In this post, I’ll explain what this vector space structure is and why everyone who’s ever taken a course on thermodynamics knows about it, at least partially, even if they don’t know they do.

Let’s begin with the most ordinary vector space of all, $\mathbb{R}^n$. (By “vector space” I’ll always mean vector space over $\mathbb{R}$.) There’s a bijection

$\mathbb{R} \leftrightarrow (0, \infty)$

between the real line and the positive half-line, given by exponential in one direction and log in the other. Doing this bijection in each coordinate gives a bijection

$\mathbb{R}^n \leftrightarrow (0, \infty)^n.$

So, if we transport the vector space structure of $\mathbb{R}^n$ along this bijection, we’ll produce a vector space structure on $(0, \infty)^n$. This new vector space $(0, \infty)^n$ is isomorphic to $\mathbb{R}^n$, by definition.

Explicitly, the “addition” of the vector space $(0, \infty)^n$ is coordinatewise multiplication, the “zero” vector is $(1, \ldots, 1)$, and “subtraction” is coordinatewise division. The scalar “multiplication” is given by powers: multiplying a vector $\mathbf{y} = (y_1, \ldots, y_n) \in (0, \infty)^n$ by a scalar $\lambda \in \mathbb{R}$ gives $(y_1^\lambda, \ldots, y_n^\lambda)$.

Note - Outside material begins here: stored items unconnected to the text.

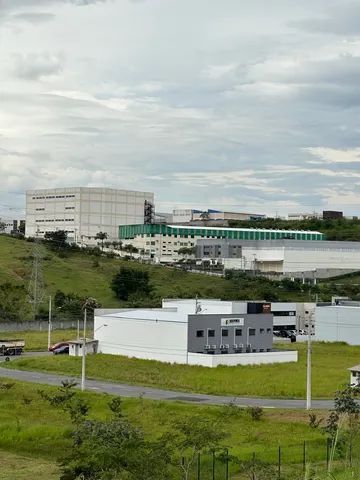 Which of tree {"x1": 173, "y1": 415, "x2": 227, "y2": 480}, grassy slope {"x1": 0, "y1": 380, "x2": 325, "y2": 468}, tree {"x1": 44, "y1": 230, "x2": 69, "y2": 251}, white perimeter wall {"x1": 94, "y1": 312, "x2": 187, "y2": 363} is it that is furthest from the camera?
tree {"x1": 44, "y1": 230, "x2": 69, "y2": 251}

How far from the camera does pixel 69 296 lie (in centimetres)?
9356

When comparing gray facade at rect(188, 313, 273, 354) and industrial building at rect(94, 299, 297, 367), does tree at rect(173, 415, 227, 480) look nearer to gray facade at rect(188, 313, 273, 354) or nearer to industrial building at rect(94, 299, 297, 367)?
industrial building at rect(94, 299, 297, 367)

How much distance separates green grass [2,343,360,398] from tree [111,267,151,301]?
36.2 metres

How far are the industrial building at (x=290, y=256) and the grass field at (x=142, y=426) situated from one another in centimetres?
9145

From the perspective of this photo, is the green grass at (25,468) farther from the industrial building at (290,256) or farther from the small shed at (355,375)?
the industrial building at (290,256)

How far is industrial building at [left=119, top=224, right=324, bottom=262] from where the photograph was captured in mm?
147750

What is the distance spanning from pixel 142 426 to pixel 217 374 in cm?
1781

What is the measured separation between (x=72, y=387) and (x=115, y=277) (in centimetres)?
5943

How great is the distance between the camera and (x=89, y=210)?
154 meters

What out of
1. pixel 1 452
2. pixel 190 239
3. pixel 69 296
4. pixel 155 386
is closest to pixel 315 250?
pixel 190 239

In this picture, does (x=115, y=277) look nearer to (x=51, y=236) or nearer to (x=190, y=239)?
(x=51, y=236)

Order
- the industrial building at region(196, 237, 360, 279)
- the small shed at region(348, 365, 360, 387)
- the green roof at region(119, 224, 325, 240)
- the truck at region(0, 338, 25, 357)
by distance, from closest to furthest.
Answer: the small shed at region(348, 365, 360, 387) → the truck at region(0, 338, 25, 357) → the industrial building at region(196, 237, 360, 279) → the green roof at region(119, 224, 325, 240)

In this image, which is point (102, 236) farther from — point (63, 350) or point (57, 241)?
point (63, 350)

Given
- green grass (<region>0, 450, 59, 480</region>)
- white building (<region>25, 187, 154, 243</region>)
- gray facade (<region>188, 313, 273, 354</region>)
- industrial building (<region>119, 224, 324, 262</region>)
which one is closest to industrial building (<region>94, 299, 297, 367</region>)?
gray facade (<region>188, 313, 273, 354</region>)
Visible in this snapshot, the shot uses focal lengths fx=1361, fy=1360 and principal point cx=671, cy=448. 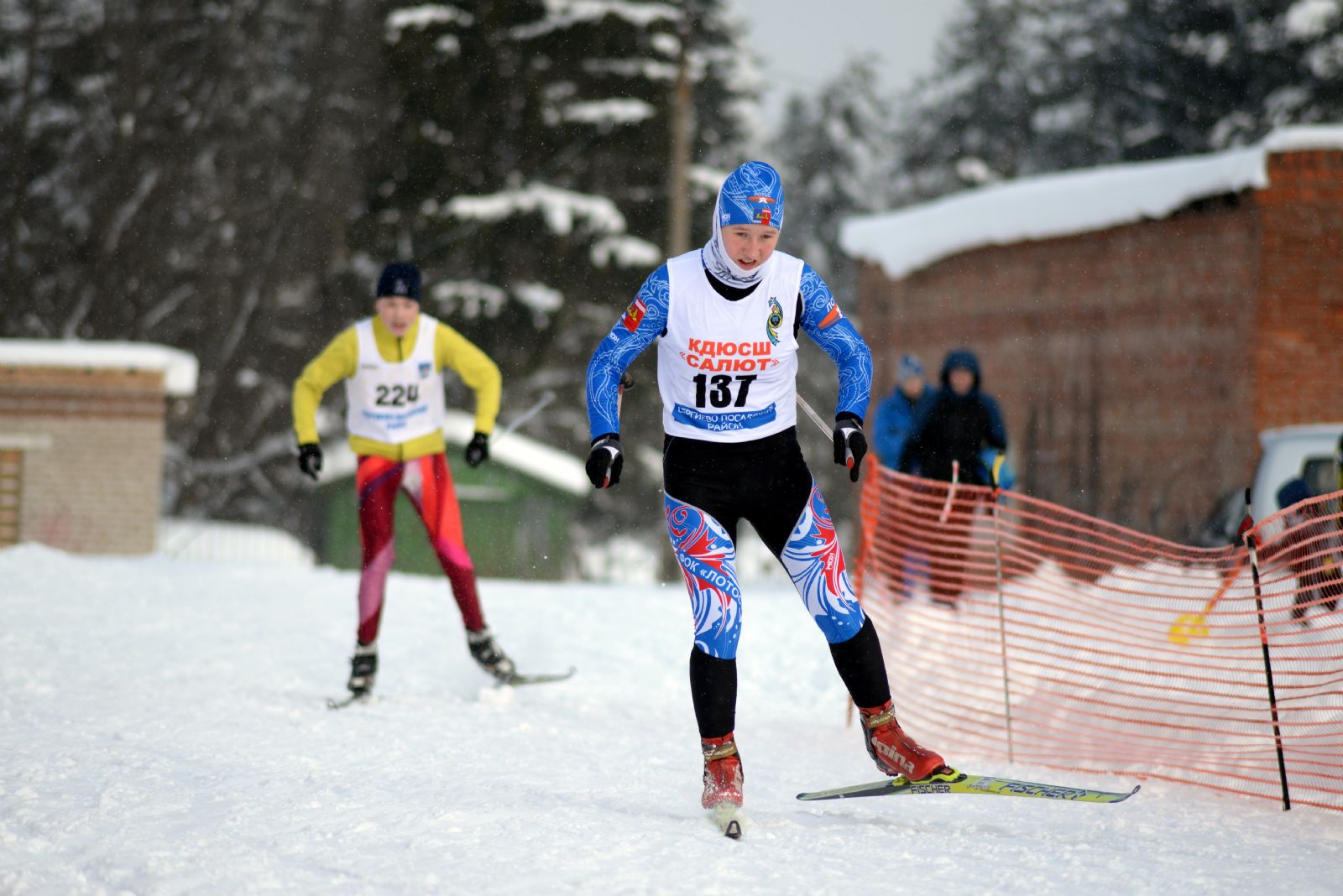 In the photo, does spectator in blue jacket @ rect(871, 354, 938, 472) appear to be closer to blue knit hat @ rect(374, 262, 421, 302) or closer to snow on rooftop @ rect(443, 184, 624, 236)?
blue knit hat @ rect(374, 262, 421, 302)

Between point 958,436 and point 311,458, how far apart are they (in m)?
4.71

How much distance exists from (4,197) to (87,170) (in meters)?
1.73

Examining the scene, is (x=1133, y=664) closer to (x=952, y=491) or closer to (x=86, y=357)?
(x=952, y=491)

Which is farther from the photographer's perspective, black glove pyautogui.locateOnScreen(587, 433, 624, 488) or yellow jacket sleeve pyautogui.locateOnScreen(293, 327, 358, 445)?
yellow jacket sleeve pyautogui.locateOnScreen(293, 327, 358, 445)

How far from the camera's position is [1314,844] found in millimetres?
4617

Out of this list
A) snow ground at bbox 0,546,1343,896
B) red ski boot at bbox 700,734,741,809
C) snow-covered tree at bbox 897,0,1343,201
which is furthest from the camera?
snow-covered tree at bbox 897,0,1343,201

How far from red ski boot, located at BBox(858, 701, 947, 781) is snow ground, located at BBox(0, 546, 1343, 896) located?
8.2 inches

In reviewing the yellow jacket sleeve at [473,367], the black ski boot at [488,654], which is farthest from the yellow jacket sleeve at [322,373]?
the black ski boot at [488,654]

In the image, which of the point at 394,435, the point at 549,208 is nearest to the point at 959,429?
the point at 394,435

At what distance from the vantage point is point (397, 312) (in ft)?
23.8

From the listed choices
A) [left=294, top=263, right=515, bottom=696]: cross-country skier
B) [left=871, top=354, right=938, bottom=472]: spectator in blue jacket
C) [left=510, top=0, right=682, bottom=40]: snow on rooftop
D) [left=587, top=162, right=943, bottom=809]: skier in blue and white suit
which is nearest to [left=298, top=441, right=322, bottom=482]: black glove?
[left=294, top=263, right=515, bottom=696]: cross-country skier

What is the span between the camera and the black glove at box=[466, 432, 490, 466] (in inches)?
285

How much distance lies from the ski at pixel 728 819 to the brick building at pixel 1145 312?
11495 mm

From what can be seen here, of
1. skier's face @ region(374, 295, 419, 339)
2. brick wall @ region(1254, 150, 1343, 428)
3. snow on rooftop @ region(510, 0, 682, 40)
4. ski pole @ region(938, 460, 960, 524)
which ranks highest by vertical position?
snow on rooftop @ region(510, 0, 682, 40) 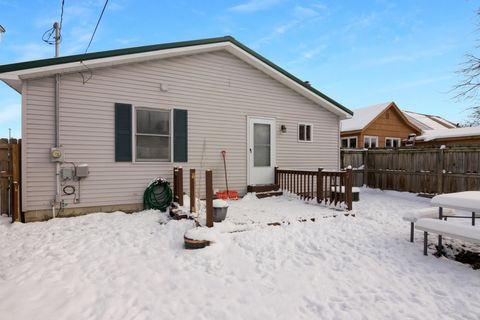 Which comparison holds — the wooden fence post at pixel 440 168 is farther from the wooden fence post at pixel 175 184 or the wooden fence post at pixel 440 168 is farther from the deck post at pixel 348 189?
the wooden fence post at pixel 175 184

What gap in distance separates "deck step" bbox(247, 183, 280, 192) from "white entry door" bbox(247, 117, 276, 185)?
6.8 inches

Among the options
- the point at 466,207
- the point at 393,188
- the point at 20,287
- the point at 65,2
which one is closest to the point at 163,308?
the point at 20,287

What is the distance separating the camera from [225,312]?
2.66 metres

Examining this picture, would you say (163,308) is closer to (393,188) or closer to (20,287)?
(20,287)

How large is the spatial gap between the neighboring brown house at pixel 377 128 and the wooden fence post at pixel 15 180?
15341 millimetres

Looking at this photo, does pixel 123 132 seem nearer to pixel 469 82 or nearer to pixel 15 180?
pixel 15 180

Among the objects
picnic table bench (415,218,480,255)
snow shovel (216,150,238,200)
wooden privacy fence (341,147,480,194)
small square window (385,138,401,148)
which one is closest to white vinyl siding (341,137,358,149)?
small square window (385,138,401,148)

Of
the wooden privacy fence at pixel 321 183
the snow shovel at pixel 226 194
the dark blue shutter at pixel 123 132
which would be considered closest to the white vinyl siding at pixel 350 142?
the wooden privacy fence at pixel 321 183

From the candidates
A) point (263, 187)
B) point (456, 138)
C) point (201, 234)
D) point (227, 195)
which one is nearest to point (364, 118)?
point (456, 138)

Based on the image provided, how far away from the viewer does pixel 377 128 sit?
16922 mm

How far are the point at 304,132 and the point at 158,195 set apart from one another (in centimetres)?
518

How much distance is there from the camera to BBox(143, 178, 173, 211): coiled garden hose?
659cm

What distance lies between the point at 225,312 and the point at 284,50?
15.0 meters

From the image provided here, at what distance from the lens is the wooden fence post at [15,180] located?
5.54 meters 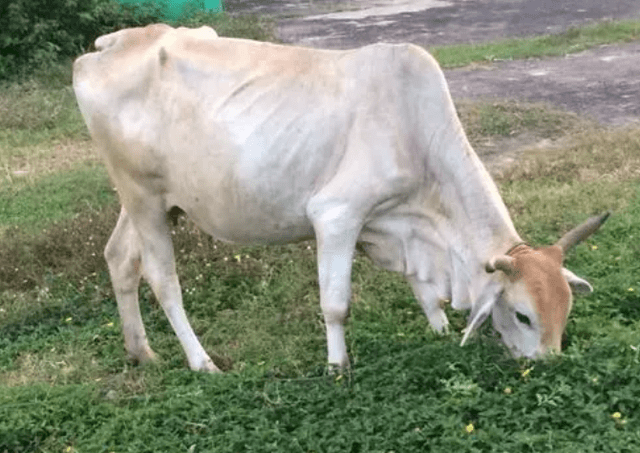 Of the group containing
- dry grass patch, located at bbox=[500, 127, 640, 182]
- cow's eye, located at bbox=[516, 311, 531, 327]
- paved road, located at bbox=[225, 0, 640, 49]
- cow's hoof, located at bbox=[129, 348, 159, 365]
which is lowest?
paved road, located at bbox=[225, 0, 640, 49]

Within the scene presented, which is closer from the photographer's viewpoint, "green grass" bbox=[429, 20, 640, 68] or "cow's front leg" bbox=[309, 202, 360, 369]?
"cow's front leg" bbox=[309, 202, 360, 369]

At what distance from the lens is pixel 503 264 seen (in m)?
4.08

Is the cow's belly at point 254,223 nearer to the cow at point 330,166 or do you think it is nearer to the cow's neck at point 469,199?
the cow at point 330,166

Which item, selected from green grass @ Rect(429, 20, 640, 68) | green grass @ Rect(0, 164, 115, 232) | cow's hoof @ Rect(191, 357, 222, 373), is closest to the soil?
green grass @ Rect(429, 20, 640, 68)

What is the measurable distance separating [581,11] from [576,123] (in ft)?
20.9

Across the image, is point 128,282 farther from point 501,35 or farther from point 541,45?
point 501,35

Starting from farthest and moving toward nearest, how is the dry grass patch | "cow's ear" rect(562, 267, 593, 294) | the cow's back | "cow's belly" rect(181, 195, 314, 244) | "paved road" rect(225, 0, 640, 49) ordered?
1. "paved road" rect(225, 0, 640, 49)
2. the dry grass patch
3. "cow's belly" rect(181, 195, 314, 244)
4. the cow's back
5. "cow's ear" rect(562, 267, 593, 294)

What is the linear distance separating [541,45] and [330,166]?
8625mm

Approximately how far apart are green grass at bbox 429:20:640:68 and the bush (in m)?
4.47

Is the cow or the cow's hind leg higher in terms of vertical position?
the cow

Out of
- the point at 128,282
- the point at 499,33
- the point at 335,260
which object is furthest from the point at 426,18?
the point at 335,260

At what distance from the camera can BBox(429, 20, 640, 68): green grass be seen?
476 inches

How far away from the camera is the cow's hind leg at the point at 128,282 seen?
5.24 meters

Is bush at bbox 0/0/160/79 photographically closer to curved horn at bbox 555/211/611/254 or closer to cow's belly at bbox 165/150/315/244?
cow's belly at bbox 165/150/315/244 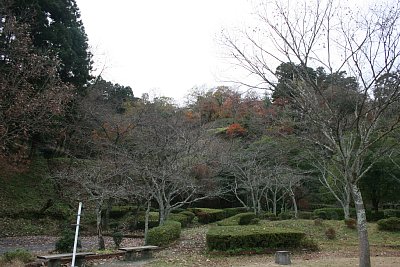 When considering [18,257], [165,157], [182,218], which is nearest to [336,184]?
[182,218]

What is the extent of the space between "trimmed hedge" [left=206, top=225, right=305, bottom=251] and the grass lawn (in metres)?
0.38

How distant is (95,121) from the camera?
22.5 m

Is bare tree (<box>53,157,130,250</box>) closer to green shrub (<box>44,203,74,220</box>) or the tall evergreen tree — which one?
green shrub (<box>44,203,74,220</box>)

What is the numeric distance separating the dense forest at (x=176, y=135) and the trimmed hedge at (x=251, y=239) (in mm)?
2988

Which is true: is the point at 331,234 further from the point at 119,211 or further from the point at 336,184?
the point at 119,211

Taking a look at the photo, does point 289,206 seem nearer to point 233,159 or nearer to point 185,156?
point 233,159

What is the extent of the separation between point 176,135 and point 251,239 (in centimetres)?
711

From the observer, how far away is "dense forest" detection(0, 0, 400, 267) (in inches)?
356

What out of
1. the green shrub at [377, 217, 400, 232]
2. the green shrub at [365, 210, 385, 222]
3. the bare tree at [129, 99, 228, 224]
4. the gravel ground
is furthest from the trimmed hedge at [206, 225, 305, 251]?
the green shrub at [365, 210, 385, 222]

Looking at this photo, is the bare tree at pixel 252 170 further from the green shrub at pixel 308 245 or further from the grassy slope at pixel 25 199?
the grassy slope at pixel 25 199

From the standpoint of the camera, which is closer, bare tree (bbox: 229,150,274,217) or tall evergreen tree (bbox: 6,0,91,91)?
tall evergreen tree (bbox: 6,0,91,91)

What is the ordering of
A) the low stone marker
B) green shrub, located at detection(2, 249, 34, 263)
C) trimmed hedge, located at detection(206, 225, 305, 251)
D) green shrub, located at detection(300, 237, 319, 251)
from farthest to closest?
green shrub, located at detection(300, 237, 319, 251)
trimmed hedge, located at detection(206, 225, 305, 251)
the low stone marker
green shrub, located at detection(2, 249, 34, 263)

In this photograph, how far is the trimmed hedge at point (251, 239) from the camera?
39.8 feet

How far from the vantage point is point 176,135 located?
18.0m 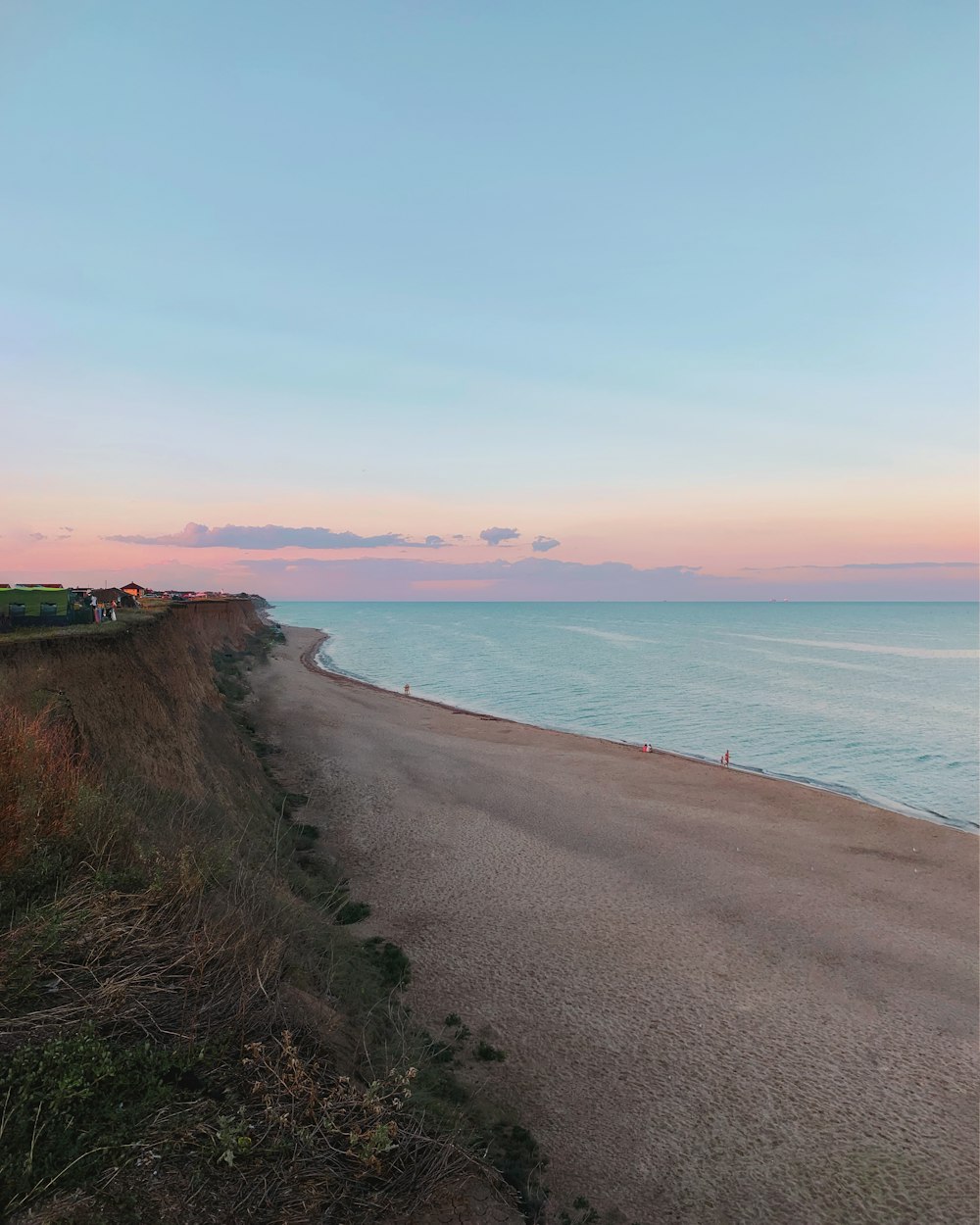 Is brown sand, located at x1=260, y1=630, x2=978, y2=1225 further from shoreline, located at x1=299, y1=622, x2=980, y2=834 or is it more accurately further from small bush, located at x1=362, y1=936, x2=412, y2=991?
shoreline, located at x1=299, y1=622, x2=980, y2=834

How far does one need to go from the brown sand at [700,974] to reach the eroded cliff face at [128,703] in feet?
17.4

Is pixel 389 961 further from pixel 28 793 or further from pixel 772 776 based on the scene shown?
pixel 772 776

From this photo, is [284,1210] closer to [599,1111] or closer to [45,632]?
[599,1111]

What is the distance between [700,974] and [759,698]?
1995 inches

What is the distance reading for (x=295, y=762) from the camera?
95.5 ft

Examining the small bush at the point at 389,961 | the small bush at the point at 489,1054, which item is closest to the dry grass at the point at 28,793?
the small bush at the point at 389,961

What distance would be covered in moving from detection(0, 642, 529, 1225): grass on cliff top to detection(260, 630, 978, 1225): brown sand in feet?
8.40

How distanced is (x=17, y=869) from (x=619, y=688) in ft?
201

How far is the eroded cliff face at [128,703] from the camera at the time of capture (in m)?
14.0

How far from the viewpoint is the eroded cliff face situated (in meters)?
14.0

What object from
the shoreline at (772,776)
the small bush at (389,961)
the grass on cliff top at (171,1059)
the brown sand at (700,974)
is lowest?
the shoreline at (772,776)

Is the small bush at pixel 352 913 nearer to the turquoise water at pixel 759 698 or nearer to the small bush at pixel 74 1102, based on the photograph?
the small bush at pixel 74 1102

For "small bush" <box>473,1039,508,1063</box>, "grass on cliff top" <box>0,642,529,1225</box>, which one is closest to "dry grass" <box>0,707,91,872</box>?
"grass on cliff top" <box>0,642,529,1225</box>

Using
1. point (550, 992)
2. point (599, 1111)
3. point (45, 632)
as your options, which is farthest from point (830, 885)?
point (45, 632) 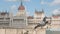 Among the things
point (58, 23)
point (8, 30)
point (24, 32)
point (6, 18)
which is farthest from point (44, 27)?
point (58, 23)

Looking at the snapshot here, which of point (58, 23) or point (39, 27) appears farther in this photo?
point (58, 23)

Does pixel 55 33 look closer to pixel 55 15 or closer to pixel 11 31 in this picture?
pixel 11 31

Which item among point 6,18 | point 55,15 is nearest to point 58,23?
point 55,15

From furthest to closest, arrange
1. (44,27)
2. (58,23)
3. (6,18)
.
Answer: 1. (58,23)
2. (6,18)
3. (44,27)

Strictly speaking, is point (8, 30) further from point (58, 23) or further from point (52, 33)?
point (58, 23)

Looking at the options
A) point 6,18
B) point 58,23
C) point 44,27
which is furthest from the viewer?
point 58,23

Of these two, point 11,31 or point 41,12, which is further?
point 41,12

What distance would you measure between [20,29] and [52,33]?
1095mm

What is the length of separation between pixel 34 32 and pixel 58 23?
132 ft

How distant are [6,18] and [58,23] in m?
11.5

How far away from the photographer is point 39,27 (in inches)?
314

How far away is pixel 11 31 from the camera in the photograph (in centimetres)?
830

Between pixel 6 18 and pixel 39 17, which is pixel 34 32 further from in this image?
pixel 39 17

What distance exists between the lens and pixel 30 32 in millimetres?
8055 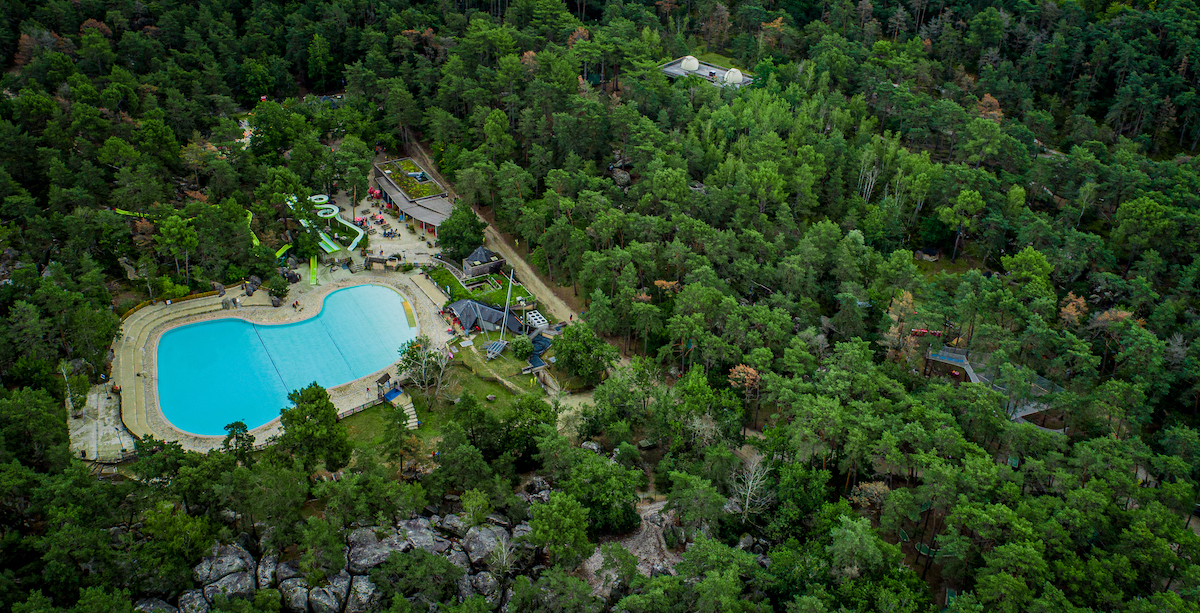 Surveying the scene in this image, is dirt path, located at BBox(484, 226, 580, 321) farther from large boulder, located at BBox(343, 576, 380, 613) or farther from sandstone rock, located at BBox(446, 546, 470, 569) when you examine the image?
large boulder, located at BBox(343, 576, 380, 613)

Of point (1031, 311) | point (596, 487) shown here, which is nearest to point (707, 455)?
point (596, 487)

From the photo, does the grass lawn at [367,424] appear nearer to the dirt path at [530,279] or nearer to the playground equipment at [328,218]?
the dirt path at [530,279]

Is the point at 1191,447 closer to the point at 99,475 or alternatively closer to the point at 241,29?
the point at 99,475

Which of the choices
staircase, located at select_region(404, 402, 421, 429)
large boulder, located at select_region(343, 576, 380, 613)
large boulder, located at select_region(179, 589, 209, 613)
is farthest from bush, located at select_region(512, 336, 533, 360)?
large boulder, located at select_region(179, 589, 209, 613)

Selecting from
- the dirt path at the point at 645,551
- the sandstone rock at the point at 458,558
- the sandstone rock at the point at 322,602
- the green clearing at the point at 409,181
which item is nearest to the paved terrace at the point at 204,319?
the green clearing at the point at 409,181

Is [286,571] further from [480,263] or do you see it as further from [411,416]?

Now, the ordinary vector space $\mathbb{R}^n$ has a linear subspace $U$ spanned by $(1, \ldots, 1)$. That is,

$U = \{(\lambda, \ldots, \lambda) \colon \lambda \in \mathbb{R} \}.$

Since the vector spaces $\mathbb{R}^n$ and $(0, \infty)^n$ are isomorphic, there’s a corresponding subspace $W$ of $(0, \infty)^n$, and it’s given by

$W = \{(e^\lambda, \ldots, e^\lambda) \colon \lambda \in \mathbb{R} \} = \{(\gamma, \ldots, \gamma) \colon \gamma \in (0, \infty)\}.$

But whenever we have a linear subspace of a vector space, we can form the quotient. Let’s do this with the subspace $W$ of $(0, \infty)^n$. What does the quotient $(0, \infty)^n/W$ look like?

Well, two vectors $\mathbf{y}, \mathbf{z} \in (0, \infty)^n$ represent the same element of $(0, \infty)^n/W$ if and only if their “difference” — in the vector space sense — belongs to $W$. Since “difference” or “subtraction” in the vector space $(0, \infty)^n$ is coordinatewise division, this just means that

$\frac{y_1}{z_1} = \frac{y_2}{z_2} = \cdots = \frac{y_n}{z_n}.$

So, the elements of $(0, \infty)^n/W$ are the equivalence classes of $n$-tuples of positive reals, with two tuples considered equivalent if they’re the same up to rescaling.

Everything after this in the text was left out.